Boxpark, the booze and food outlet in a collection of old shipping containers next to East Croydon Station, has been given yet more help from the council in an attempt to staunch its exodus of tenants.
Boxpark’s dwindling number of tenants have been offered hundreds of thousands of pounds-worth of business rate relief, in an effort to reduce their overheads and persuade them to keep trading.
Since November last year, around a dozen outlets in Boxpark have closed, the traders variously citing poor footfall at the venue, the trading disruption of their landlords’ various music events, and the high and rising costs of operating their variety of street food outlets.
Boozepark opened – a couple of months late – in October 2016, thanks to a £3million loan from Croydon Council.
In its first three years, the Boozepark venue owners will have also received more than £400,000 in subsidies from Croydon Council.
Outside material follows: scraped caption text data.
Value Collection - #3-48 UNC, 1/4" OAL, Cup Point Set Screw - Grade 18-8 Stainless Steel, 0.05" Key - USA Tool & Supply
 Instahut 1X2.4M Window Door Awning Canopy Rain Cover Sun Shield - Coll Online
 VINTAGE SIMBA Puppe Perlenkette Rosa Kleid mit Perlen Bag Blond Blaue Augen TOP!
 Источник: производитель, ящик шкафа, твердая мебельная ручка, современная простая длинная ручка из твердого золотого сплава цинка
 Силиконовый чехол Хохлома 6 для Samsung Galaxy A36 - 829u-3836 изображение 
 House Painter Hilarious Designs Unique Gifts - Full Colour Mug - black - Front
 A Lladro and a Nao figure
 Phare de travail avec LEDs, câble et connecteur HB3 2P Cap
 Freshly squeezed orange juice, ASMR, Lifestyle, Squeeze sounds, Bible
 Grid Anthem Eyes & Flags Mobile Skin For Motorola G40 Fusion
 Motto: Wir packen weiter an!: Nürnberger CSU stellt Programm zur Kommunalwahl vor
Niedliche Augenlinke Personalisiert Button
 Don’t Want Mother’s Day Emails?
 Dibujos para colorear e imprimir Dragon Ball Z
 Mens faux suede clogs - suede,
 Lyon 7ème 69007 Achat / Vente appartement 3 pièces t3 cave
The council had a £180,000 budget for an annual, free “Ambition Festival” of music and live performances to be staged around the borough, but that money has been redirected to the privately owned Boxpark venue and used towards its launch party and staging of other, subsequent events.
The council has also used Boozepark for the staging of some of its own events, with Jo Negrini, the chief executive, and council leader Tony Newman, being frequent and enthusiastic visitors.
Business rates, the land tax paid by the users of commercial premises, are collected by local authorities, on behalf of the government. Business rate relief is open to all businesses who wish to apply for it. In the case of the units at Boxpark, it is understood from Town Hall sources that it was the council which took the initiative.
The official government business rates website lists 40 outlets at Boxpark, Croydon – close to the number who were trading at the time of the venue’s launch. According to Boxpark’s own figures, it currently has 29 outlets trading, including its own BoxBar, which was recently relaunched as Coors lager-sponsored BeatBar.
The government website shows that the rateable values of the businesses at Boxpark vary from £6,000 to £60,000 per year.
If taken all together, the Boxpark units might be expected to generate more than £300,000 a year in business rates, which would be divided between the council and central government. Or not, if they receive business rate relief.
The average saving for traders in Boxpark receiving business rate relief could be at least £8,000.
“It’s not a bad idea,” our Town Hall source said, “but are the public officials in our council providing similar, unprompted assistance to other businesses that find themselves in a similar tight economic spot?
“It’s interesting that a solution has had to be found involving the public purse; did no one think of going to Boxpark’s owner and suggesting that he gives his tenants a discount on their rents?”
The appearance of preferential treatment afforded to Boozepark by Newman and Negrini is a cause of simmering resentment among the town centre’s restaurant business and bar operators. Only this week it emerged that another fixture of the High Street, the Beijing Cottage, in the rapidly deserted “Restaurant Quarter”, has closed. It follows the fate of the prestigious Albert’s Table and Bar Txt, among others.
Despite there being a flurry of “good news” stories generated from the council propaganda department in the past fortnight – to beat next week’s election purdah deadline – there’s not been a peep from them about the generous “help” that has been offered to Boxpark traders. According to a Katharine Street source, a press statement had been considered, but was later abandoned.